In her article, “German Children’s Art During World War One,” Carolyn Kay examines a set of drawings produced in 1915 by students at a primary school in Wilhelmsburg. Arguing that in nineteenth- and twentieth-century Germany, “the family and the child became a central object of nation-building and of nationalism,” Kay contextualizes the children’s artistic production within the nationalistic propaganda that surrounded them, and points to intertextual resonances and influences to gain insight into the meanings and possible motives behind these works. Deepening this contextualization, she considers how shifts in education more broadly, and art education specifically, intersected with intensifying nationalism, emerging ideas about child development in psychology, and increasing precarity through the war years in ways that would have been felt by the child artists. While noting the epistemological challenges of interpreting children’s art outside of its historical context and without the assistance of the artists, Kay’s careful visual and historical analysis of the children’s artwork offers insights into the iconography of individual children and the broader socio-political contexts they inhabited.
In the face of multiple and intersecting global crises driven by continuing racism, sexism, heterosexism, classism, colonialism, the COVID-19 pandemic, and climate change, the papers assembled here show us the contributions that children’s art can make to our understanding of crises. As children are some of the most prolific producers of art, there is no shortage of cultural production that adults might engage with to better understand and learn from their perspectives.

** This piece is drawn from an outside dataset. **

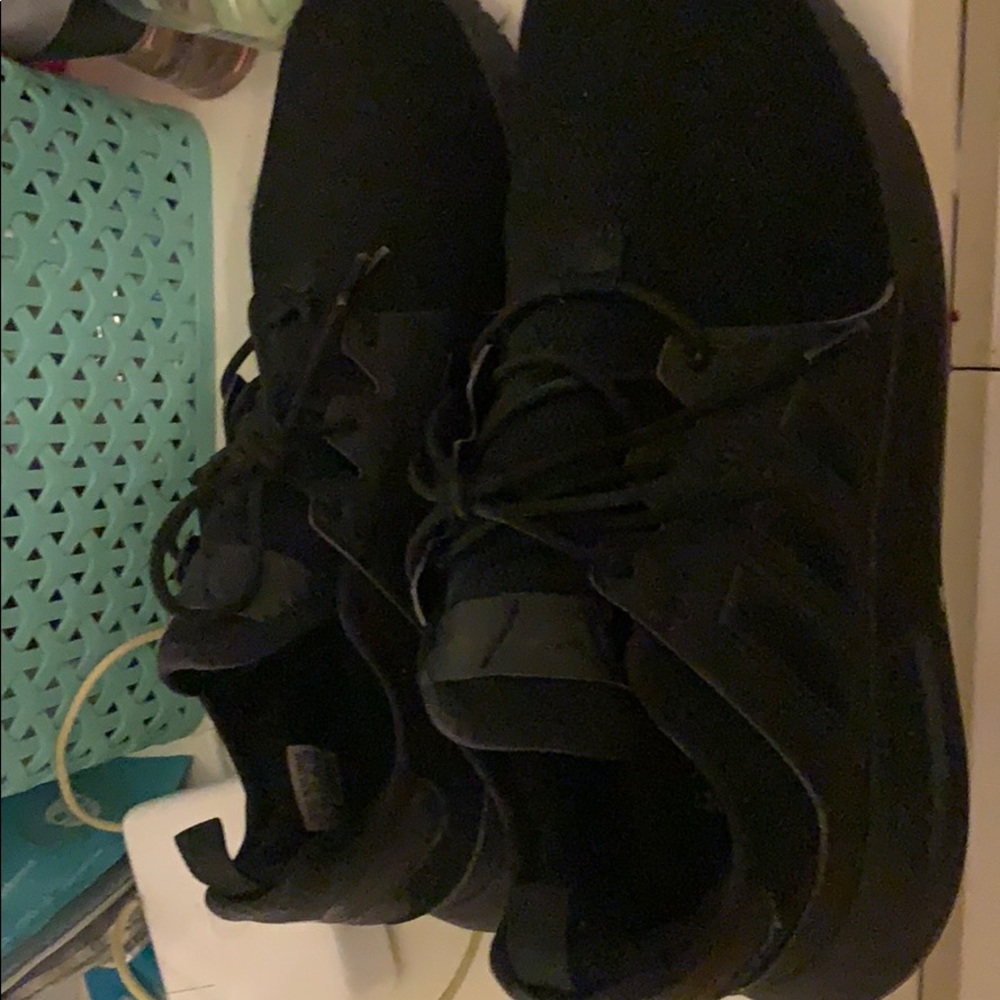 Adidas shoes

While such engagement is neither simple nor straightforward, such efforts can work against the pathologizing frames of development and Eurocentric definitions of trauma, and undo overly simplified binaries of passivity and agency, and victimhood and resilience, which have historically defined children in delimiting ways. The authors assembled within this themed edition on “Children’s Art in Times of Crisis” not only urge readers to engage in this work, but provide constructive approaches to do so, while recognizing the inherent incompleteness therein. We hope that their contributions will stimulate broader and deeper reflections on how to better engage with children’s art as a way of learning more about their perspectives and the societies they inhabit.
The work done here is with sincere thanks to Brooklyn Ciccotelli, who provided research assistance for both issues. Nicola Yelland offered much appreciated editorial guidance, and thanks are given to the reviewers who were able to offer sharp and generous feedback to authors. This is certainly a collective effort and one that owes a great deal to the children and childhoods that challenge the presence of injustice.